(Short web captions)
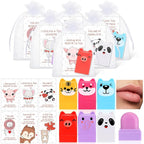 30 Sets Wild Animal Birthday Lip Balm Gifts Bulk Baby Shower Prizes Gift Girl Birthday Lip Balm Jungle Animal Party Favors for Preschool Toddler Boy Girl Classroom Prizes Classroom Prizes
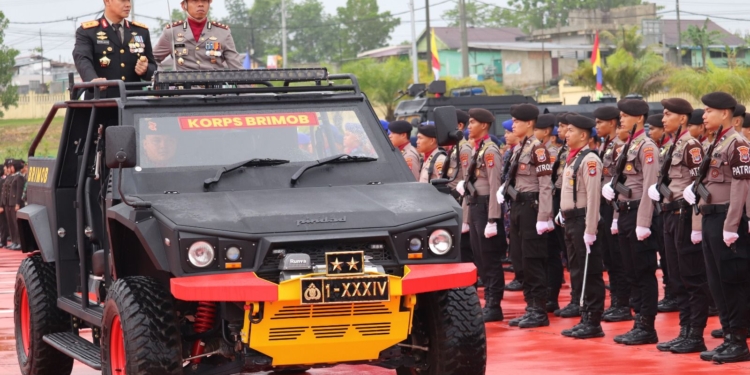 Polda Kaltara Laksanakan Upacara Hari Bhayangkara ke-77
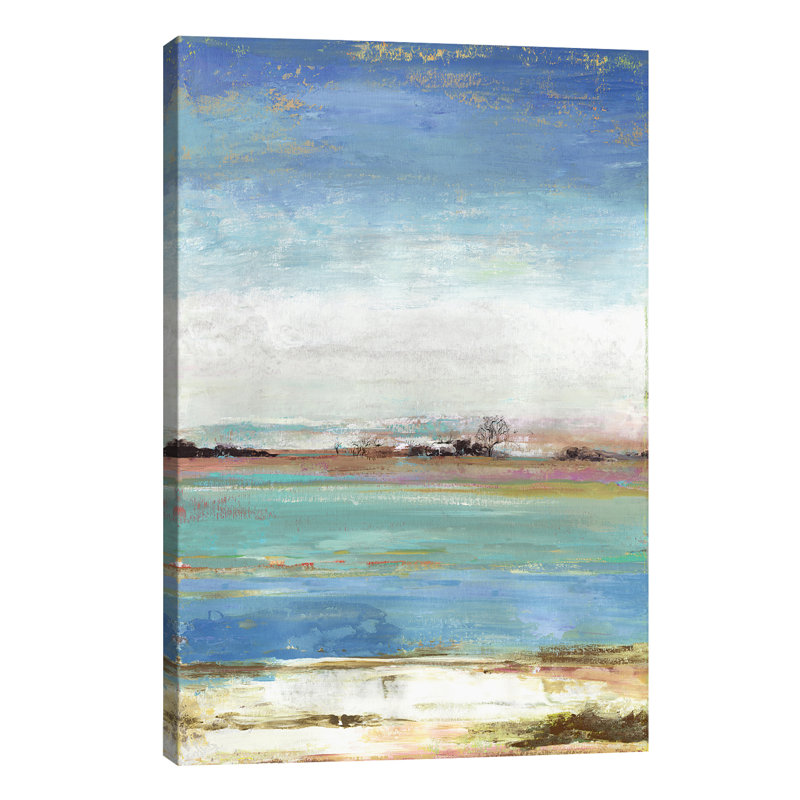 'Waterfront I' Painting on Wrapped Canvas, 66.04 cm H x 45.72 cm W x 1.91 cm D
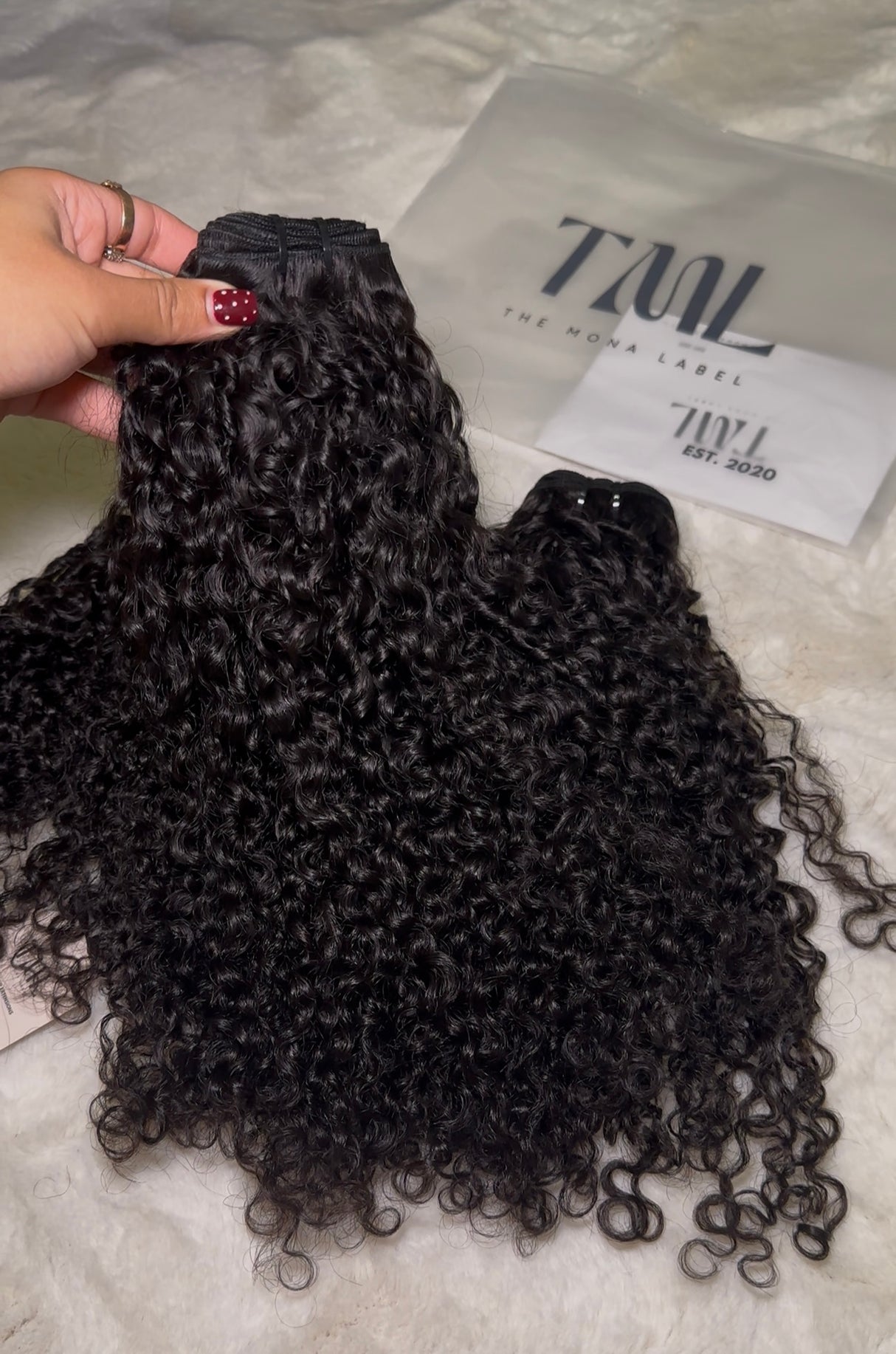 Talah Curly™ Virgin Hair Bundles | 4A Curly Hair Extensions-the-mona-label-bundle-deals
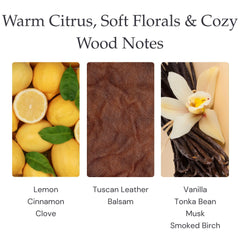 Hillside Candle Welcome Home single cotton wick ensures an even burn and true scent.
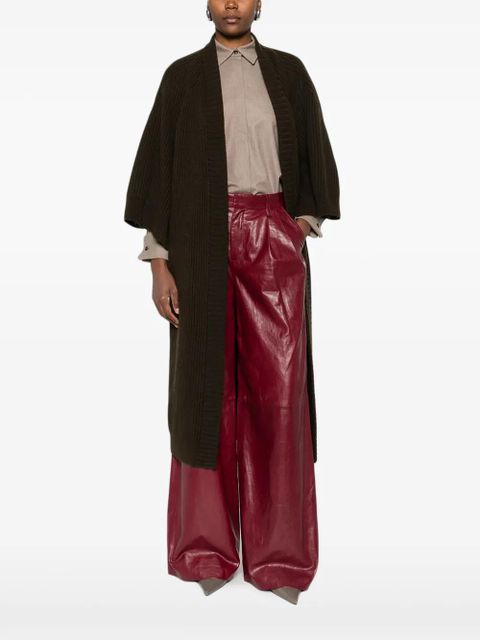 Max Mara cropped-sleeve cardi coat - Green - zdjęcie produktu nr 2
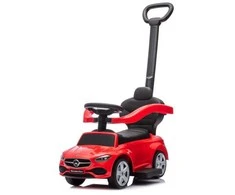 Lean Toys Paspiriamas automobilis Mercedes 3in1 raudonas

Work required: Starting from the line containing "Talah Curly™ Virgin", repeat each line exactly through the end of the entries, including the last, while leaving pictures out.

Answer to the problem:
 Talah Curly™ Virgin Hair Bundles | 4A Curly Hair Extensions-the-mona-label-bundle-deals
 Hillside Candle Welcome Home single cotton wick ensures an even burn and true scent.
 Max Mara cropped-sleeve cardi coat - Green - zdjęcie produktu nr 2
 Lean Toys Paspiriamas automobilis Mercedes 3in1 raudonas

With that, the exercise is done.